-------- DATA SHOWN --------

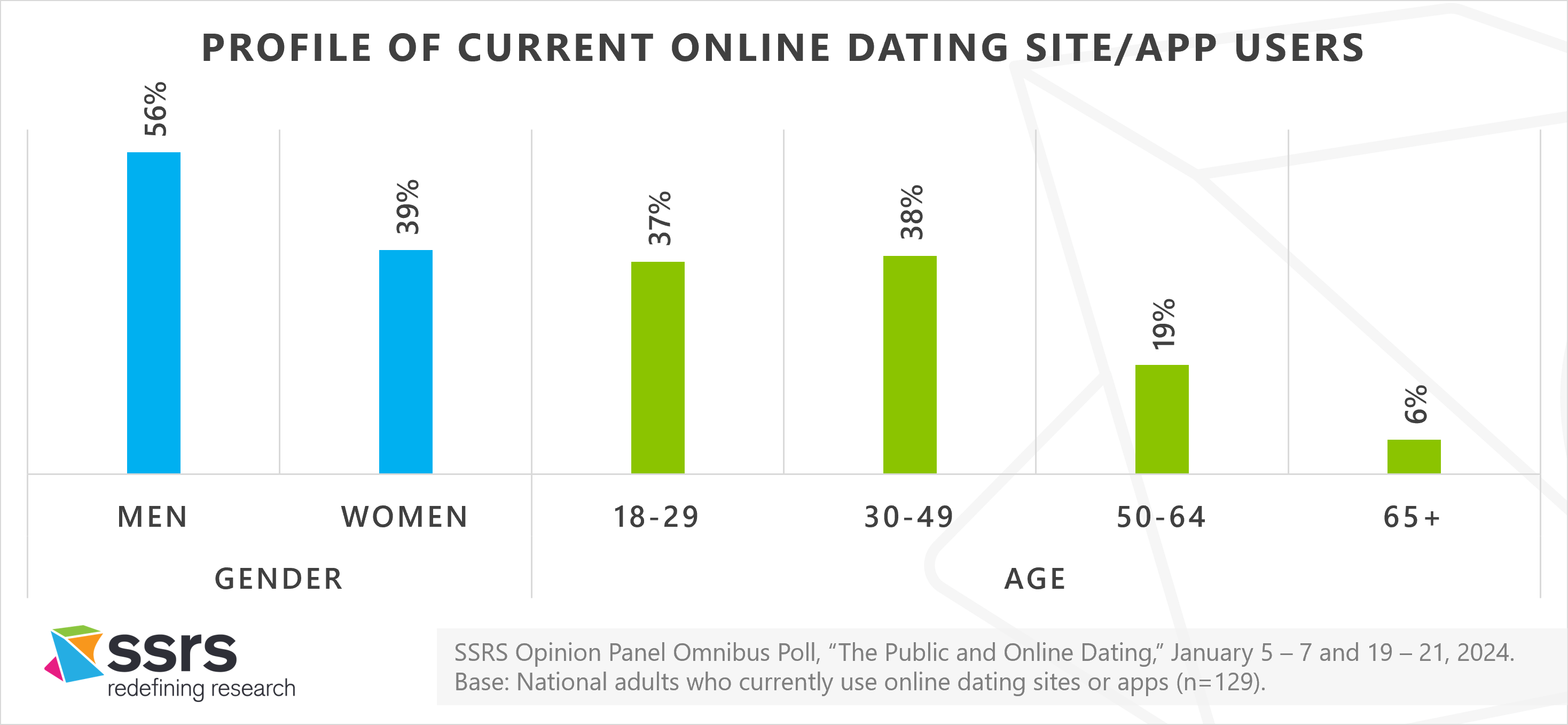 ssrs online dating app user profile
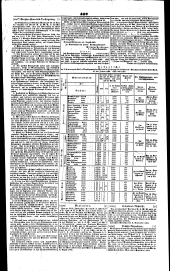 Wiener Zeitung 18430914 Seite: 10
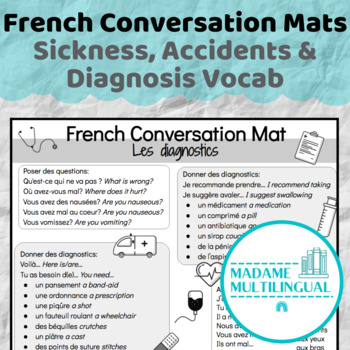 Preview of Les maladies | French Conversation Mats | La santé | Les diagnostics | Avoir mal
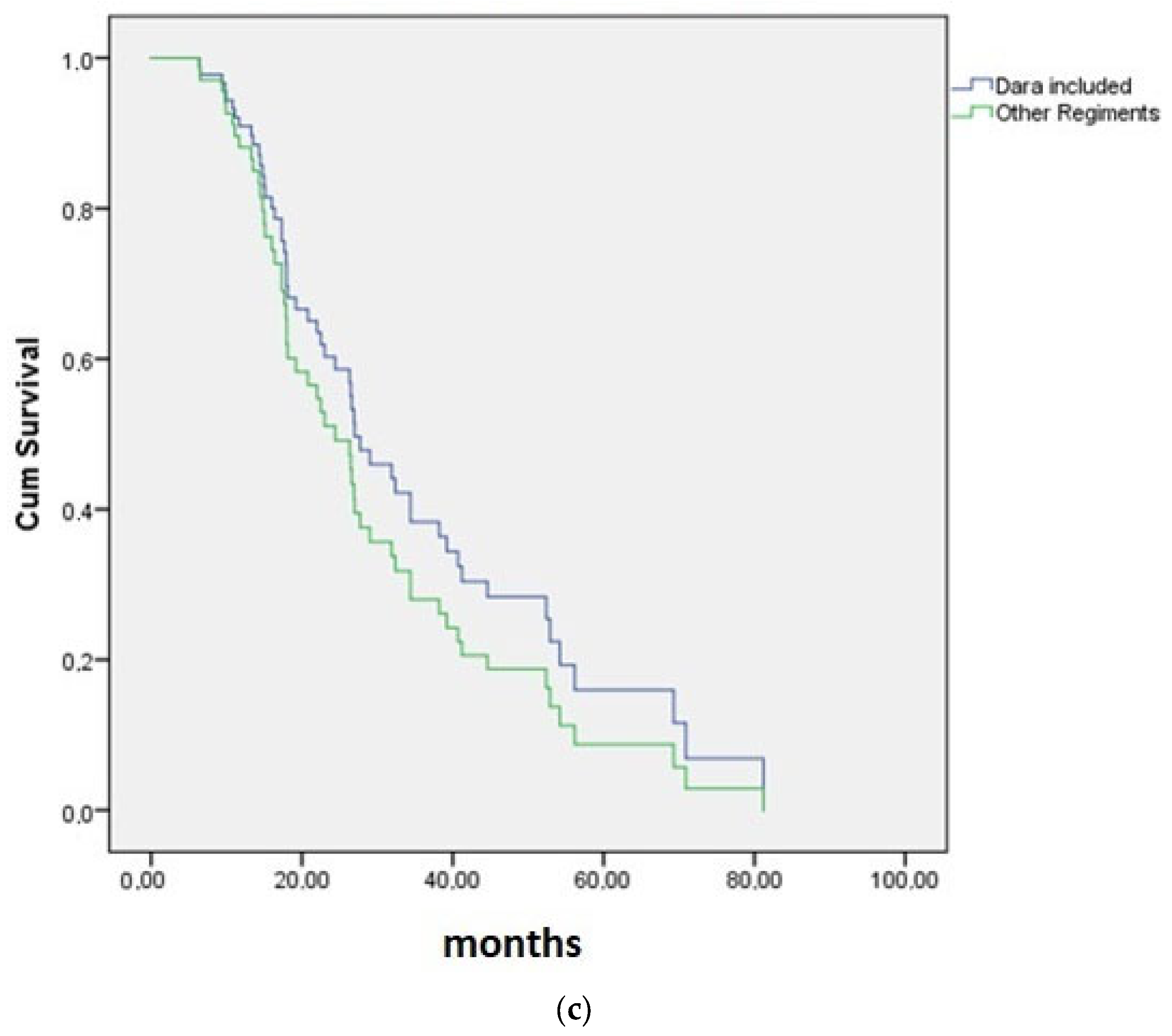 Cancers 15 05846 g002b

--------

- _TASK_
Nothing should be printed except the lines from the one with "Wiener Zeitung 18430914 Seite: 10" through the last line of the listing above, both ends included; please drop the pictures.

- _TASK OUTPUT_
 Wiener Zeitung 18430914 Seite: 10
 Preview of Les maladies | French Conversation Mats | La santé | Les diagnostics | Avoir mal
 Cancers 15 05846 g002b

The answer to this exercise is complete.